• What is needed
Would you return every line of the listing below that has "plate" in it?
BEGIN
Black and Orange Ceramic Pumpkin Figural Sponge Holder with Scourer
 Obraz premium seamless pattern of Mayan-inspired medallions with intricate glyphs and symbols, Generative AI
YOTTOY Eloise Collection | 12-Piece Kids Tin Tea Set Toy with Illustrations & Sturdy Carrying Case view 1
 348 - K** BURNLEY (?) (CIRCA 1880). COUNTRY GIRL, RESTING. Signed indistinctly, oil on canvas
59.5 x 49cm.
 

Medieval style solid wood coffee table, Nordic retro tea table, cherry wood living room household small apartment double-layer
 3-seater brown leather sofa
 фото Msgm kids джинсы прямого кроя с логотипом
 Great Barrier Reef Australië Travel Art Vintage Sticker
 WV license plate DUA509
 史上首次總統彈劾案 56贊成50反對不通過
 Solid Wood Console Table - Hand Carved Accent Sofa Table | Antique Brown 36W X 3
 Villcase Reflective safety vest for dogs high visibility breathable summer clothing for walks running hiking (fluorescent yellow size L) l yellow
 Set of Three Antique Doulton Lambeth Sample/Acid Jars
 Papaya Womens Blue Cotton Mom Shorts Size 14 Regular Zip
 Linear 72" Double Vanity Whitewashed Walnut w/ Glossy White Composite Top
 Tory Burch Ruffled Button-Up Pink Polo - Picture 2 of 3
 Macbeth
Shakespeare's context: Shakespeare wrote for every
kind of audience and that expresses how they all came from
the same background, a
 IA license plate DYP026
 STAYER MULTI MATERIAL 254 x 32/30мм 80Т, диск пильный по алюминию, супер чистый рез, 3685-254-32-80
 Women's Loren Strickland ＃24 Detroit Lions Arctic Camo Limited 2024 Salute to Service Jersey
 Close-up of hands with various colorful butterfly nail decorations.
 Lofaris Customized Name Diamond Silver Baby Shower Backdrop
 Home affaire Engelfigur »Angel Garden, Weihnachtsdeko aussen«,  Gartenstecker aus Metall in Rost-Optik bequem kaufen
END
• Exercise result
 WV license plate DUA509
 IA license plate DYP026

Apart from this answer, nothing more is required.